Hopsworks 4.3 GPU Management, Data Contracts and AI Assis...

Hopsworks 4.3 is now generally available. This new release introduces a new pipeline builder as part of the Hopsworks platform which allows our enterprise customers to significantly speed up the building of Feature, Training and Inference pipelines using external data. Also in this release is improved enterprise scheduling (building on the 4.2 release), Hopsworks now supports cohort based scheduling allowing better separation of job workloads on GPU infrastructure related to training, hyperparameter tuning and/or LLM fine-tuning. Finally, with the 4.3 release, Hopsworks can now better segregate the data of an enterprise allowing an Identity Provider to better control who gets access to specific resources (e.g., deployed ML models).

GPU Sharing at Enterprise Scale

Enterprises across a number of verticals including finance, insurance, entertainment and retail have made significant investments in compute infrastructure over the past number of years to handle the significant workloads when building cutting edge machine learning solutions. One of the challenges with this infrastructure is how best to schedule these varied workloads on this infrastructure. With the release of 4.3, Hopsworks provides support for a number of different ways to schedule workloads based on cohorts. This approach allows workloads that meet certain criteria to be grouped together taking into account the network topology of the infrastructure, data access restrictions and scheduling deadlines.

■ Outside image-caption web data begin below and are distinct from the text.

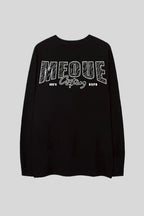 Statue Money Graphic Oversized Crew Neck Sweatshirt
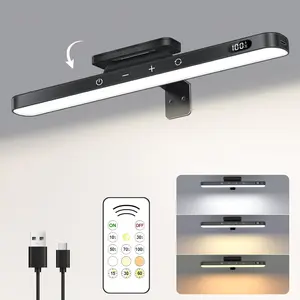 3W Picture Lights for Wall, Rechargeable Battery Operated Picture Light, Wireless Wall Light with Remote, Dimmable & Timer Art Lighting for Paintings Wireless, Magnetic Gallery Light, Black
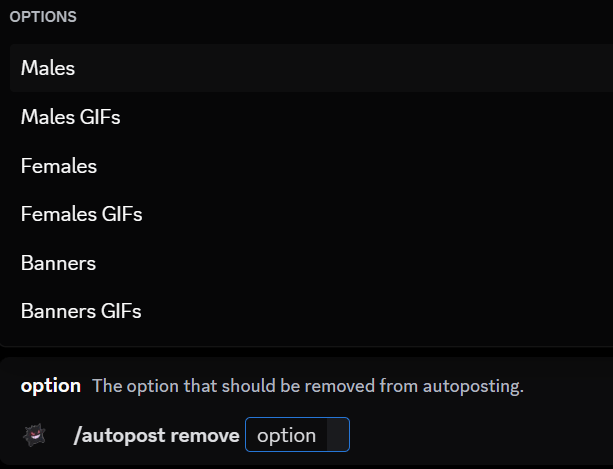 Selecting the content type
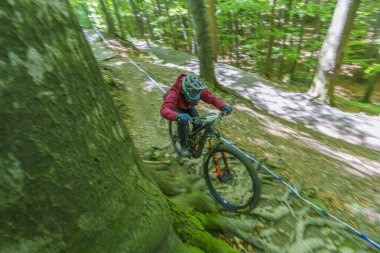 Bielsko-Biala, Polska, 05.16.2025, Puchar Swiata UCI Dağ Bisiklet Dünya Serisi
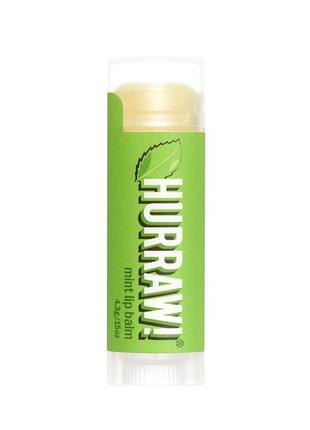 Бальзам для губ «м’ята» hurraw! mint lip balm (4,8г)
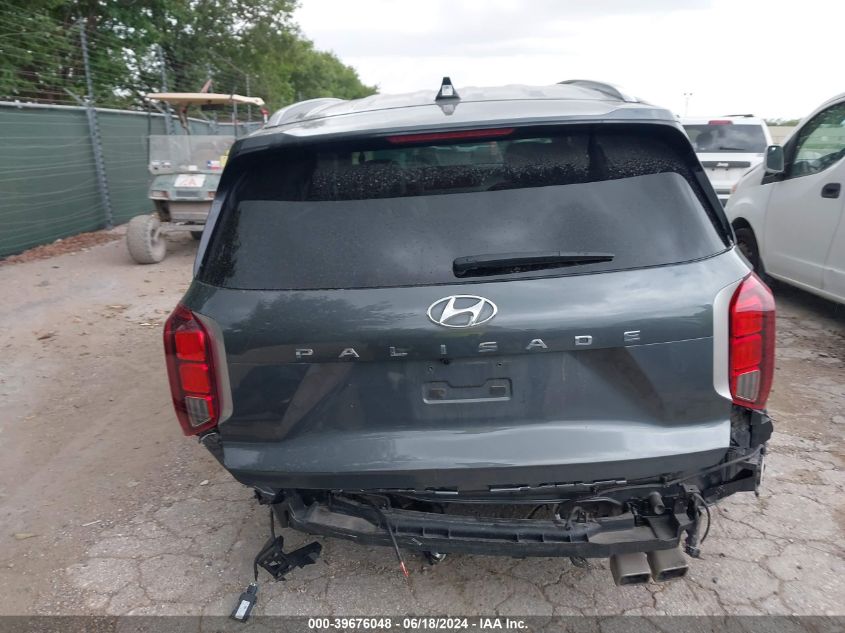 2024 Hyundai Palisade Sel VIN: KM8R24GE3RU702972 Lot: 39676048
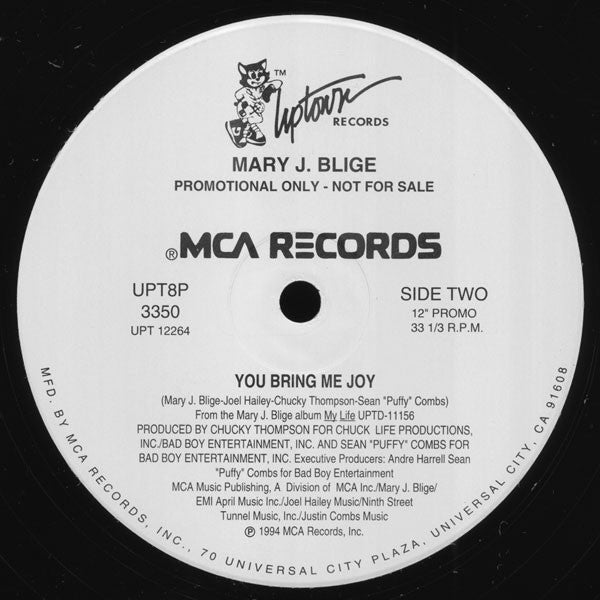 Mary J. Blige : You Bring Me Joy (12", Promo)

Column-Level Access Control

With the release of 4.3, Hopsworks has introduced new functionality allowing enterprises to better control who can access sensitive data when building machine learning systems. This is ongoing work which will be built on in future releases to better allow Hopsworks enterprise customers to handle their data (e.g. GDPR related information) based on their users requests.

Enhanced Data Contracts for Feature Groups

In Hopsworks, we already have support for custom metadata for feature groups enabling you to specify the data contract for a feature group to clients - such as data validation rules with Great Expectations, and the ability to define your own metadata for data retention, update frequency, and indications for when data is delayed. We now have added support for schema validation for updates to feature groups via the DataFrame API, where we now enforce schema constraints (such as the maximum length of strings (e.g., varchar(100)) in Python and Spark clients.

[Private Preview] Brewer - LLM-Assisted AI Developer/Programmer

To facilitate the creation of FTI pipelines, Hopsworks has created and released Brewer, a new type of AI assistant designed to create programs and engineering pipelines -- as part of 4.3. One of the challenges facing Enterprises wishing to build state of the art machine learning systems is understanding all the different aspects of such solutions following MLOps best practices. With Brewer, a Hopsworks Enterprise customer can easily generate feature pipelines based on their externally stored data as the first step in building such solutions. By setting up these pipelines in minutes and subsequently passing this data to training and inference pipelines allows Hopsworks Enterprise customers to enable the full power of Generative AI using their externally stored data.

Packages Update

With the Hopsworks 4.3 release, a number of different packages have been updated including KServe to v0.14.0, kyverno to 1.13.0 and pandas to 2.2.x. With the increased emphasis on GenAI and LLM support, the following libraries have been added to the Hopsworks pipeline base image: (1) Flash Attention (2.7.4), (2) Transformers (4.51.3) and LangChain (0.3.25).